De acordo com a Síntese das Deliberações, o Juiz Cirilo Massingue, na qualidade de assinante das contas bancárias domiciliadas num banco comercial da praça, com destaque para as contas de Depósitos Obrigatórios, Custas e Preparos e da Delegação do Cofre dos Tribunais, à semelhança dos agora penitenciados, procedeu à retirada arbitrária e ilícita de valores destinados, alguns, para si e, outros, para terceiros ligados a si.
Referiu na altura o mesmo CSMJ que Massingue, em conluio com a sua escrivã, exactamente como aconteceu agora, desviou, entre 2020 e 2021, um total de 745.646,81 MT, dos quais 283.000,00 MT foram retirados da conta de Depósitos Obrigatórios, enquanto o restante valor foi sacado da Conta da Delegação do Cofre dos Tribunais. Ademais, o juiz tinha já devolvido mais de 90% dos valores de que se tinha apoderado.
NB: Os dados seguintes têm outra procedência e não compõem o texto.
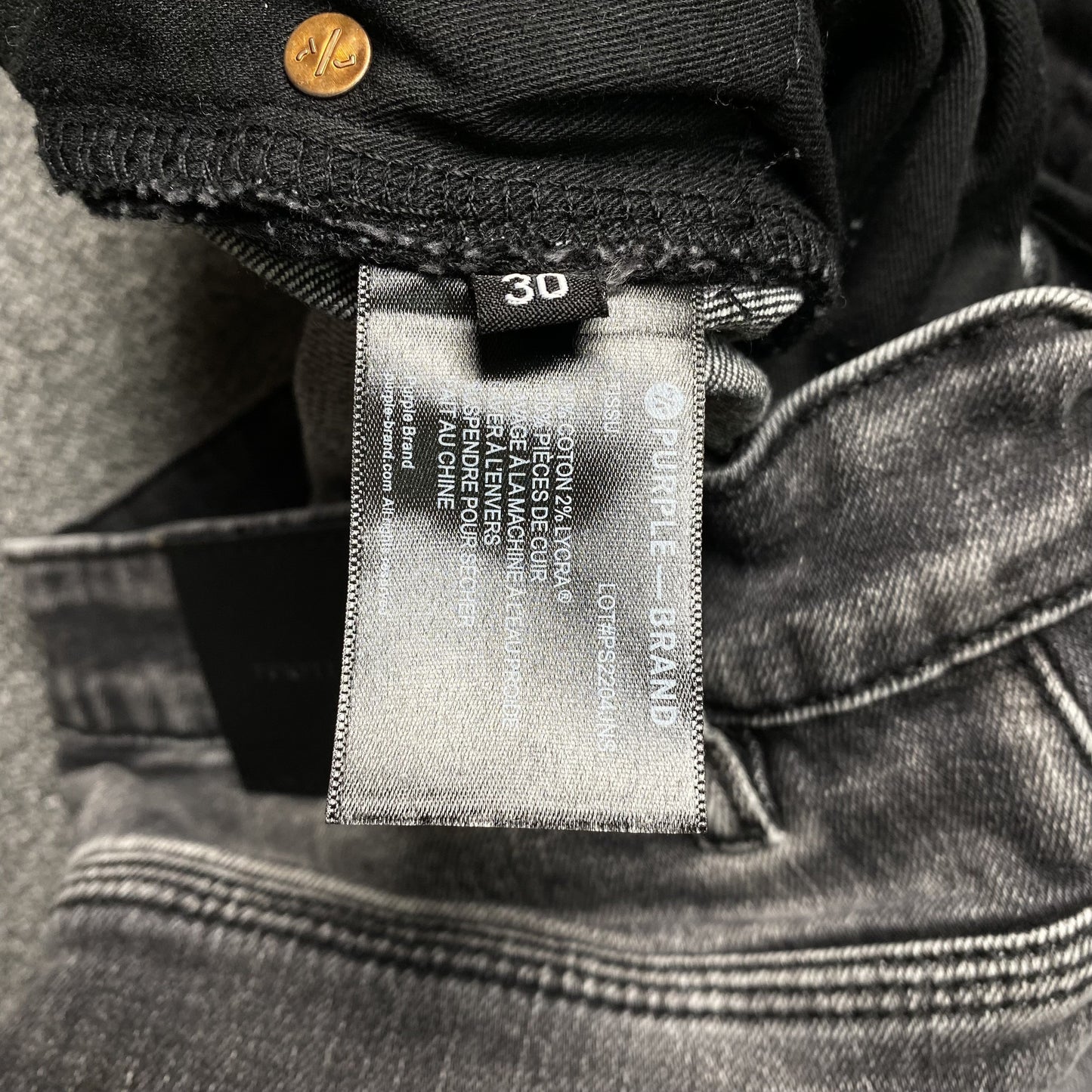 Jeans slim Purple Brand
Quanto a Gonçalves Boavida Langa, Juiz de Direito B, afecto à 3ª Secção Criminal do Tribunal Judicial da Província de Gaza, tinha sido acusado de ter desviado um total de 502.841,77 MT, sacados em quatro cheques, todos emitidos a favor da Escrivã de Direito Provincial, Suzana Silvério Uamusse, também implicada no caso.
Como cúmplice do juiz Gonçalves Langa, a Escrivã Suzana Uamusse também foi expulsa da Magistratura Judicial.
Em todos cinco casos, o CSMJ referiu ter ordenado a extracção de cópias dos autos para a instauração dos competentes processos criminais pelo Ministério Público, “por haver indícios de cometimento de infracções de natureza criminal”, o que não se repetiu na decisão deste ano, ainda que em circunstâncias idênticas.
Outro dado a reter é o facto de o CSMJ, na deliberação deste ano, não ordenar a devolução dos valores, mas somente “recomendar ao Cofre dos Tribunais para que encete diligências no sentido de serem devolvidos, pelas arguidas Nilza dos Santos Seifane Pene e Angélica Pedro Bernardo Nhalinguangue, os valores a mais recebidos pelos funcionários do cartório da 2ª Secção do Tribunal Judicial do Distrito da Machava”. Mesmo aqui não fez o mesmo em relação aos dois juízes, o que demonstra alguma disparidade de tratamento entre os co-arguidos.